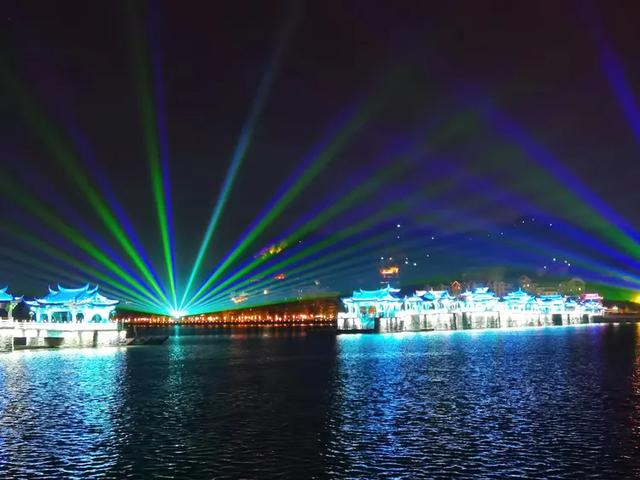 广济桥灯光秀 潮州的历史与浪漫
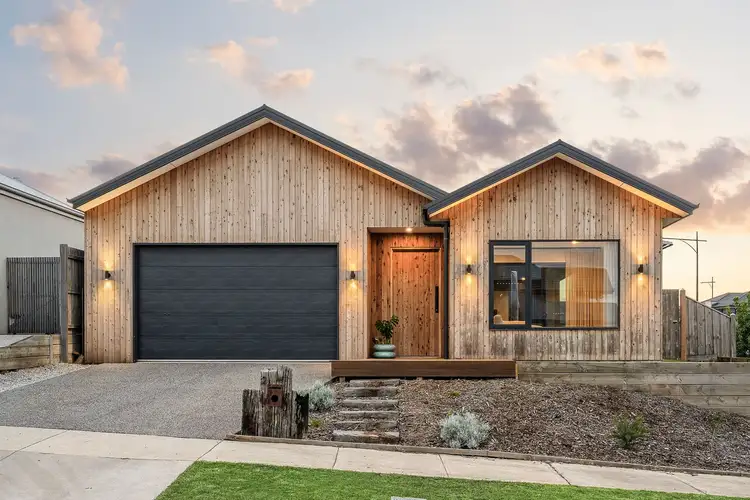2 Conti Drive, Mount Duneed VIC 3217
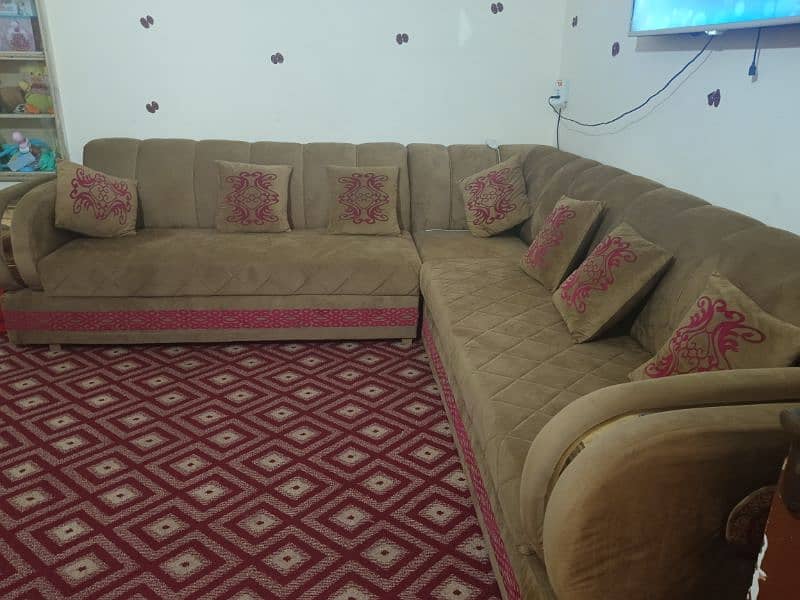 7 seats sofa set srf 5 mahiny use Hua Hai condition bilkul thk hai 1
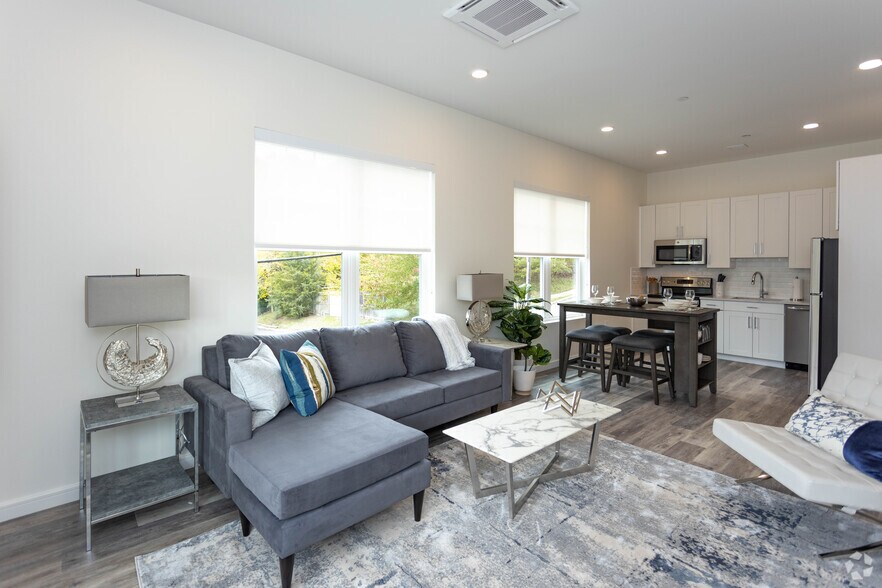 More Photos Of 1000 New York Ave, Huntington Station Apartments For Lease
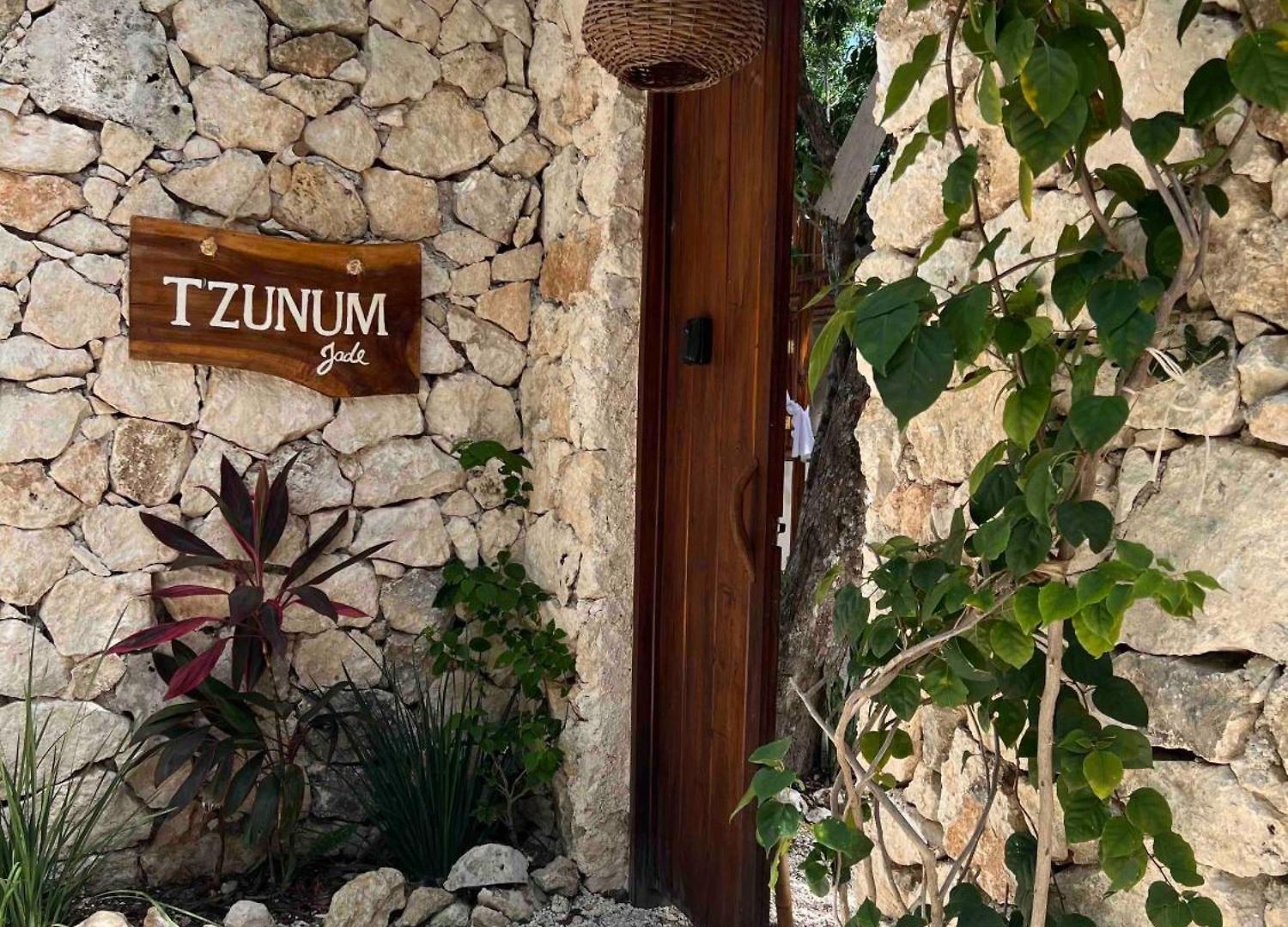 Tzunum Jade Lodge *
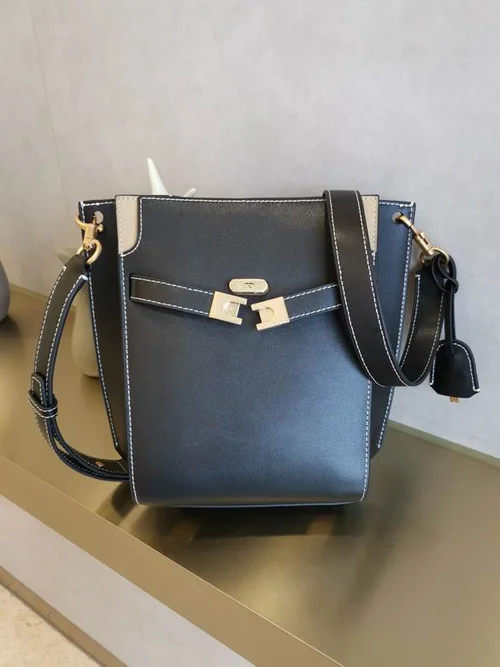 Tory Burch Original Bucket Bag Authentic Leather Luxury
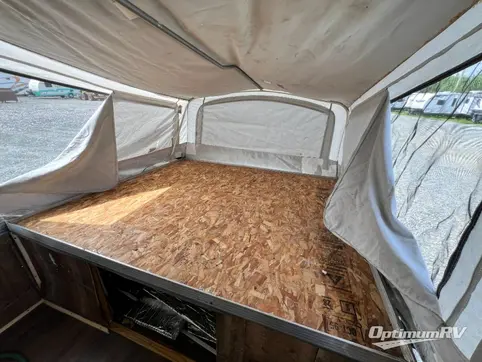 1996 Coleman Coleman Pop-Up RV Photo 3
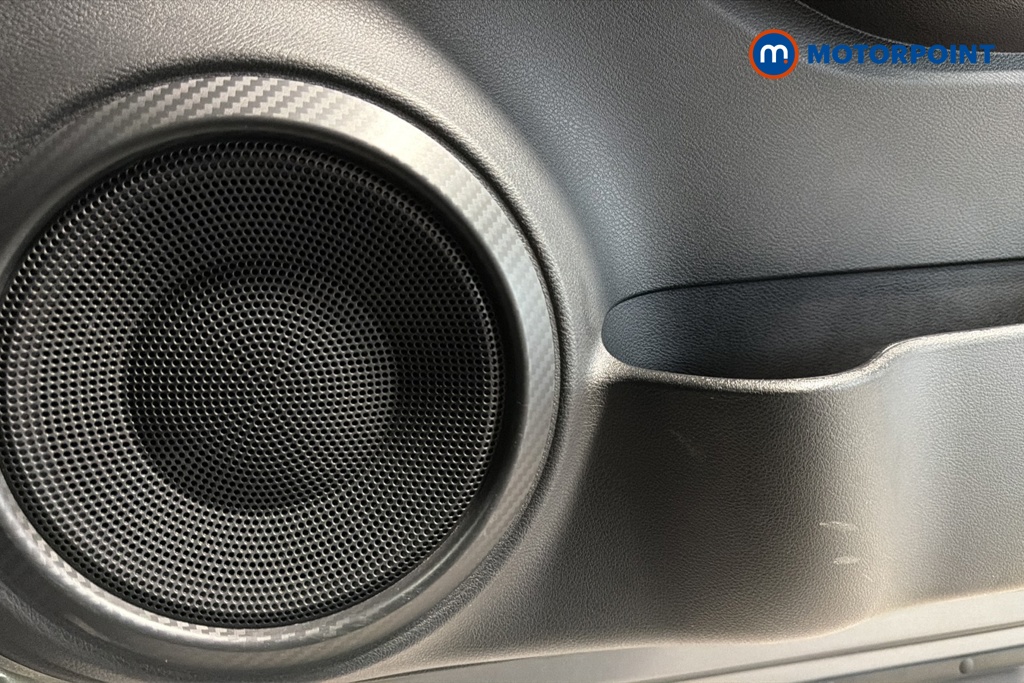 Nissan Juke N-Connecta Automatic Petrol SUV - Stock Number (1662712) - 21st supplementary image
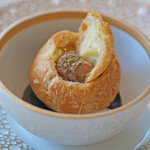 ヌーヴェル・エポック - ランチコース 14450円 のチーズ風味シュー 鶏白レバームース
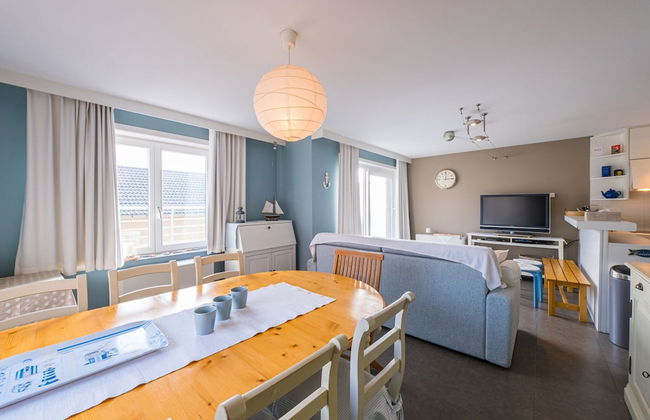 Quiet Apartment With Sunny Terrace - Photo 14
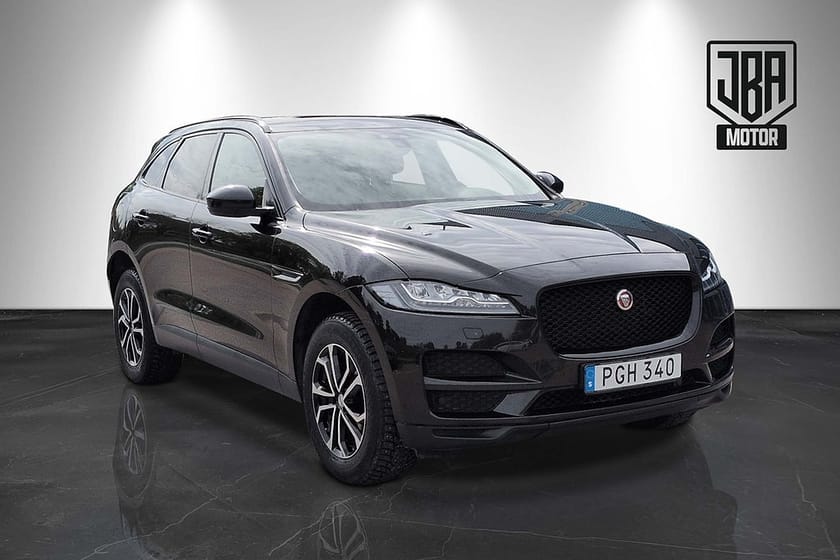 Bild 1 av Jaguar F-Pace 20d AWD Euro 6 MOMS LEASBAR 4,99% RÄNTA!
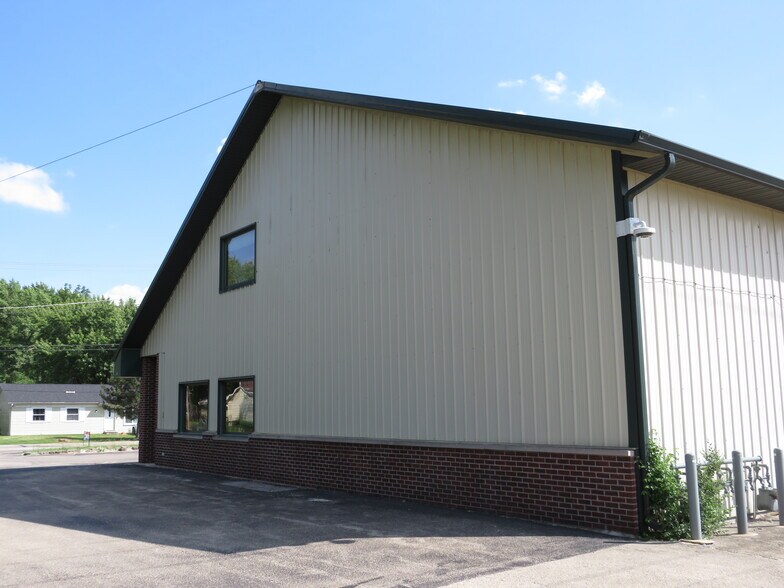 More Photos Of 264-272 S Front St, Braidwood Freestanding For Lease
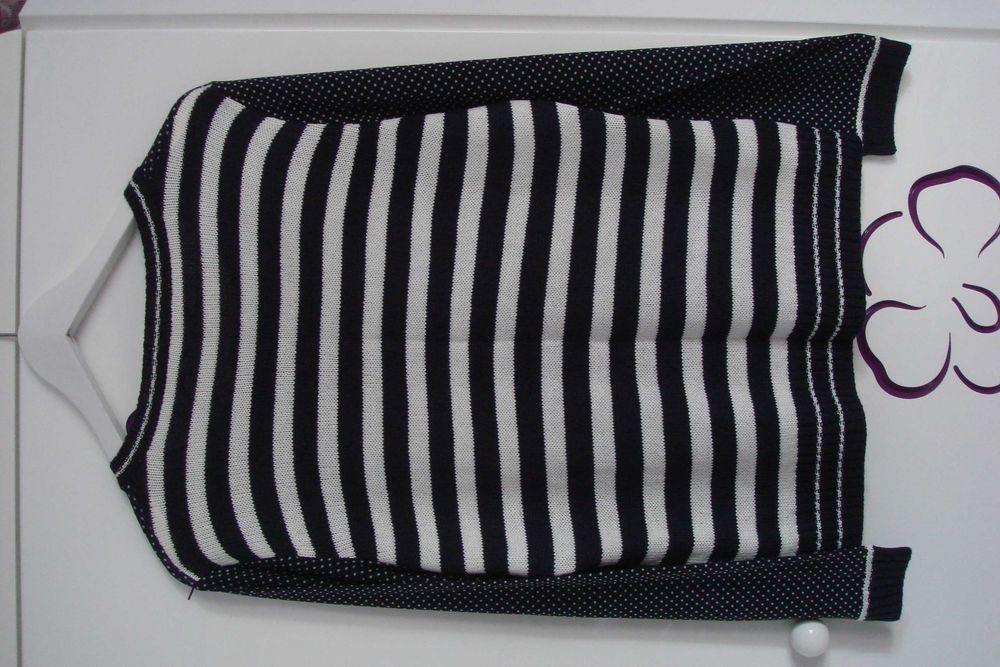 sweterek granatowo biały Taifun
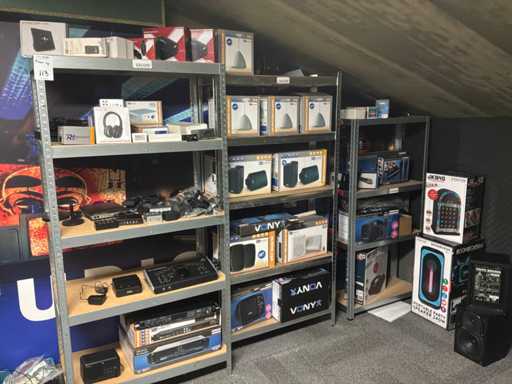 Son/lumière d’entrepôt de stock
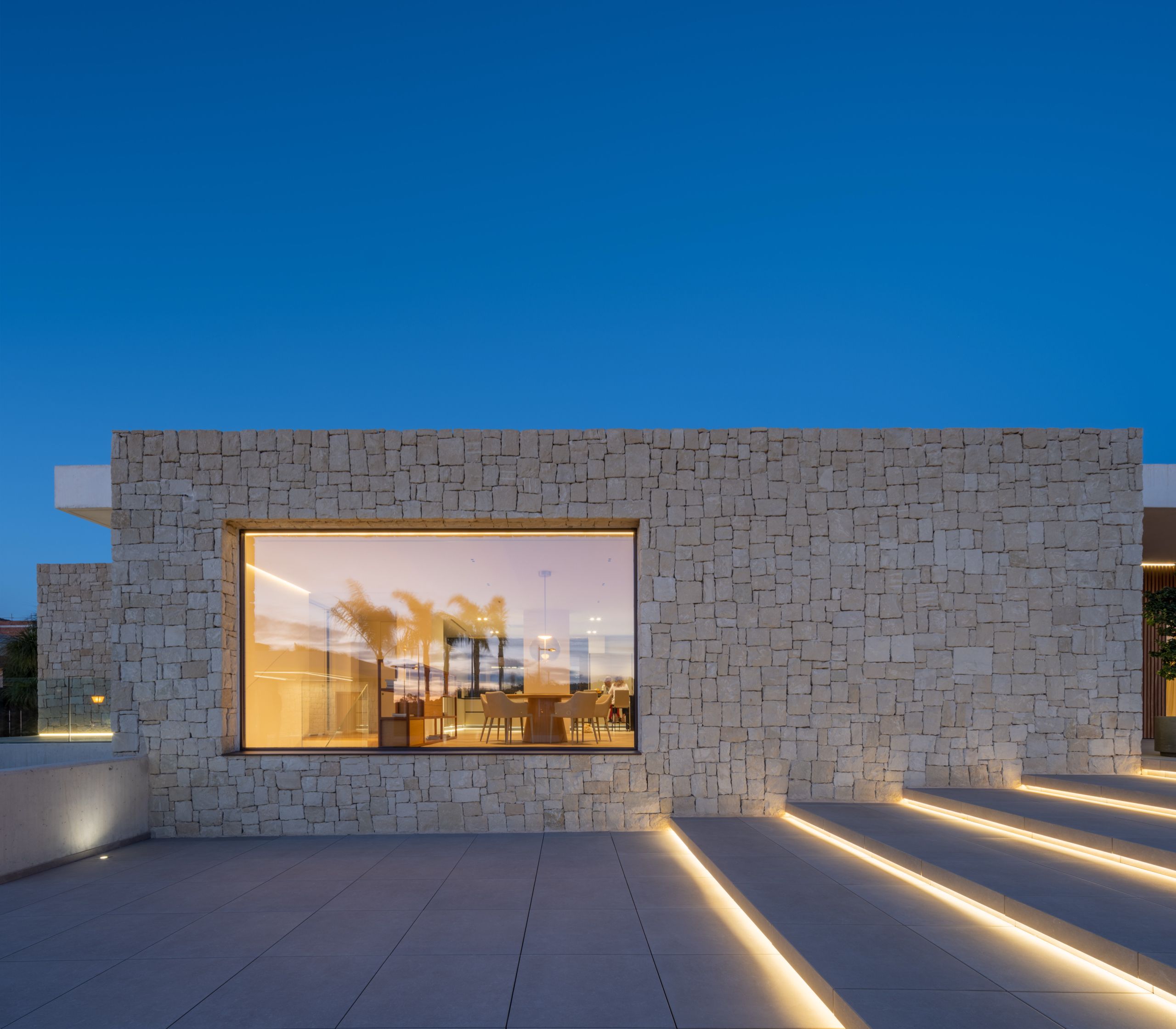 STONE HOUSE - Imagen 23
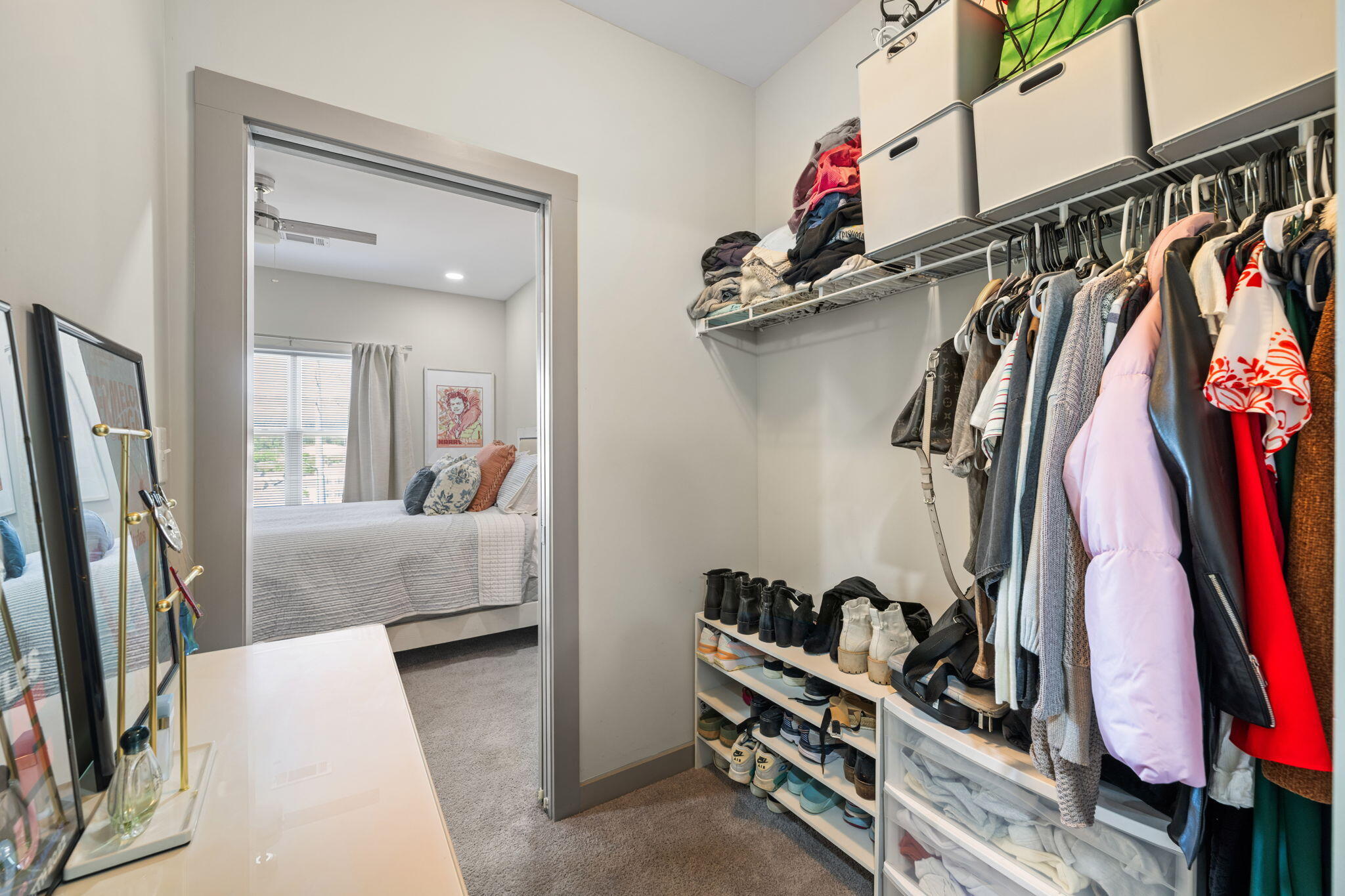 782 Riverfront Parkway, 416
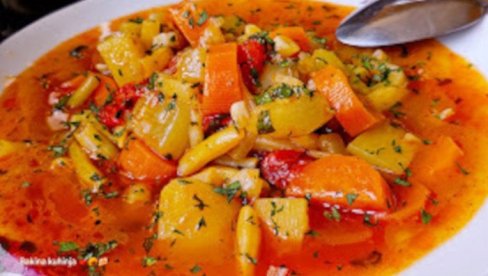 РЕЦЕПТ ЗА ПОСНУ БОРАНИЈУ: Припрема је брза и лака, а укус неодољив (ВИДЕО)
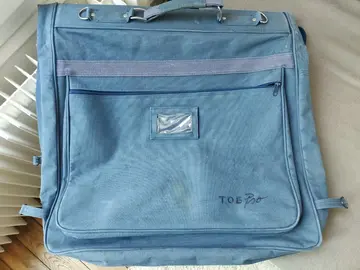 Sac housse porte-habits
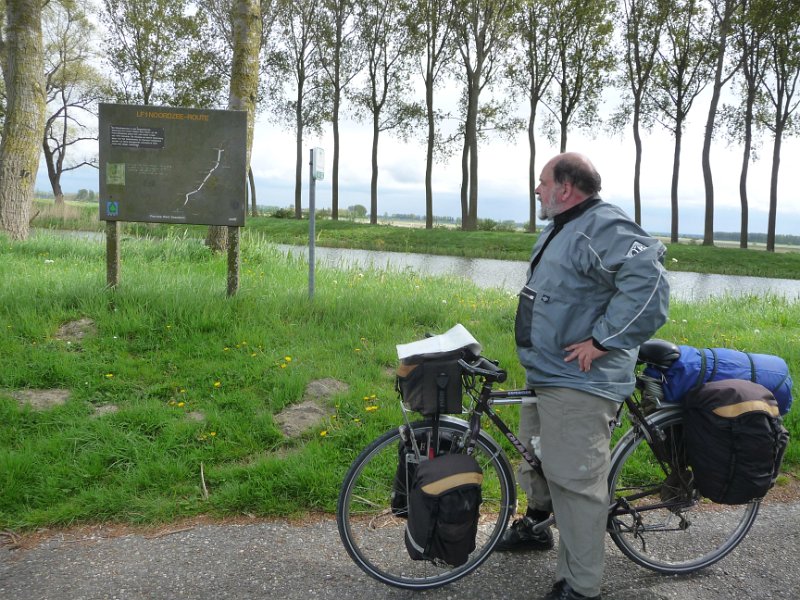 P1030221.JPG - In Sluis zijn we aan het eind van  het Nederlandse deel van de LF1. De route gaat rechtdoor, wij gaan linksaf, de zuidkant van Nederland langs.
· · · · ·
_Exercise details_
Starting with the line that has "2 Conti Drive, Mount Duneed VIC 3217" and going on through the line that has "ヌーヴェル・エポック - ランチコース", transcribe the records above exactly, but skip the pictures.

_Exercise response_
2 Conti Drive, Mount Duneed VIC 3217
 7 seats sofa set srf 5 mahiny use Hua Hai condition bilkul thk hai 1
 More Photos Of 1000 New York Ave, Huntington Station Apartments For Lease
 Tzunum Jade Lodge *
 Tory Burch Original Bucket Bag Authentic Leather Luxury
 1996 Coleman Coleman Pop-Up RV Photo 3
 Nissan Juke N-Connecta Automatic Petrol SUV - Stock Number (1662712) - 21st supplementary image
 ヌーヴェル・エポック - ランチコース 14450円 のチーズ風味シュー 鶏白レバームース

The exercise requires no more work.